Can Aquatic Plant Removal Alleviate the Effects of Climate Change on Migrating Salmon and Trout in a Lowland River?

- Aaron Pelly, Washington State University, aaron.pelly@wsu.edu
- Sarah S. Roley, Washington State University, sarah.roley@wsu.edu
NW CASC Fellow
Faculty Advisor
The Yakima River basin in Washington State is exceptionally vulnerable to climate change impacts. Increasingly hotter and drier summers are leading to lower flows and warmer water, which threaten the Pacific salmon and steelhead trout that migrate and spawn in the basin. In the lower river, these fish face the additional barrier of low nighttime dissolved oxygen levels in the water. As cold-water fish, salmon and trout are unable to migrate when daytime temperatures are high, but low oxygen levels interfere with their migration at night and in the early morning when temperatures are cooler.

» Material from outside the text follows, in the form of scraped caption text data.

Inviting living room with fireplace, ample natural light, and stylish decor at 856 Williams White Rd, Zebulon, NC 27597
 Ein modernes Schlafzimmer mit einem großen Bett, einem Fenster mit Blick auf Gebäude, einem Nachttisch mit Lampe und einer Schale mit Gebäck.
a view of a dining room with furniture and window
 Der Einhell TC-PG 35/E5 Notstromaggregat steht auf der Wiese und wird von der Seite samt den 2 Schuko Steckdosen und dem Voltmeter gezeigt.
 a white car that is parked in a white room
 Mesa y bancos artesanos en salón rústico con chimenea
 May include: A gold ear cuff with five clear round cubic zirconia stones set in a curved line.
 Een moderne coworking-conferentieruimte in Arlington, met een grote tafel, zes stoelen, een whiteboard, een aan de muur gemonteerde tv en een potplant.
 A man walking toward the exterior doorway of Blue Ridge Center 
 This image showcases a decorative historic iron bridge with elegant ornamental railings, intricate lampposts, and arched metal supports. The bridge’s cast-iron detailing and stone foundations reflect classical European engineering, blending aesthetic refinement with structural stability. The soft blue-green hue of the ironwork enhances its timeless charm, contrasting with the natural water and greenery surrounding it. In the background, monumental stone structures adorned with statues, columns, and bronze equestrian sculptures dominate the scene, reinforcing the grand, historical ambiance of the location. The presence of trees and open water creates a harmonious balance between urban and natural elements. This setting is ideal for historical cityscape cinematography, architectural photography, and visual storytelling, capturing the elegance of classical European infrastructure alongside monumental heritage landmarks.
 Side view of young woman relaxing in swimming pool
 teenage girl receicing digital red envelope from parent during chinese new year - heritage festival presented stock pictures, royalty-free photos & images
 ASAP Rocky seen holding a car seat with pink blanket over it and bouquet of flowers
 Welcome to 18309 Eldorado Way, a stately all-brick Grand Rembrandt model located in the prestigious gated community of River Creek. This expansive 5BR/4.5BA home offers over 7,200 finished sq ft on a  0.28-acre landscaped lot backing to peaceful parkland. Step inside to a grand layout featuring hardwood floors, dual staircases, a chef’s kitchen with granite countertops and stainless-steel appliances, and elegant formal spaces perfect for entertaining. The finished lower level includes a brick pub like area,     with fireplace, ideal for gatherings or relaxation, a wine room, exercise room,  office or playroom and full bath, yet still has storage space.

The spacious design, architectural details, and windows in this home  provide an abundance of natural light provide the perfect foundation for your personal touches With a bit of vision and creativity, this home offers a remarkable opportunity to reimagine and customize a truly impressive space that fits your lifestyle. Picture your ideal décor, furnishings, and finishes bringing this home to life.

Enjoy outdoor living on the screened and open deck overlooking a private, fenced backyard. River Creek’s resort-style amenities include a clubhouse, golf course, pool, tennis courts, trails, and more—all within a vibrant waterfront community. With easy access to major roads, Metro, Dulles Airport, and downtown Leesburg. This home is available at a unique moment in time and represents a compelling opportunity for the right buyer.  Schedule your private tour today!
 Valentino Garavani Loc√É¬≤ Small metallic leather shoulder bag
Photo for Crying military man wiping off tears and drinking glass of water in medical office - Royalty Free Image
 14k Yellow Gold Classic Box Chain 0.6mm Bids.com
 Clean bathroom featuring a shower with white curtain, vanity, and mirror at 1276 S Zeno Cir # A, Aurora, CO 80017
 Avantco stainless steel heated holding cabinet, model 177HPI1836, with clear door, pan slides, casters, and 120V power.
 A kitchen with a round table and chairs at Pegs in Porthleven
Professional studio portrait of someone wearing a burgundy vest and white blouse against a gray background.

Low dissolved oxygen levels in the lower Yakima are likely caused by the respiration of water stargrass, a native aquatic plant that dominates this section of the river. Plants produce oxygen through photosynthesis, but also consume it through cellular respiration. At night, photosynthesis shuts off, and aquatic plant respiration can quickly deplete the oxygen in a water body. Since water stargrass is most abundant in low-water years, and warm water holds less oxygen, as low-water years and warmer stream temperatures become more common under climate change, this problem will likely become worse.
In this project, the research team will collaborate with the Benton Conservation District and the Confederated Tribes and Bands of the Yakama Nation, which are both working to conserve salmonid (i.e., salmon and trout) populations in the lower Yakima River. The Benton Conservation District is working to protect salmonid habitat in a free-flowing stretch of the Yakima, while Yakama Nation Fisheries is investigating salmonid mortality upstream of a small dam. Together, the team will investigate whether removing medium-size sections of water stargrass can improve dissolved oxygen levels in the river, creating better habitat conditions for fish. For the Conservation District, understanding how plant removal affects dissolved oxygen levels in the river will inform their future plans to remove larger sections of water stargrass. For the Yakama Nation, understanding whether water stargrass may be contributing to fish mortality will aid them as they plan how best to protect salmon as they pass by the dam. More broadly, results from this study will help scientists better understand how aquatic plants impact river ecosystems in a changing climate.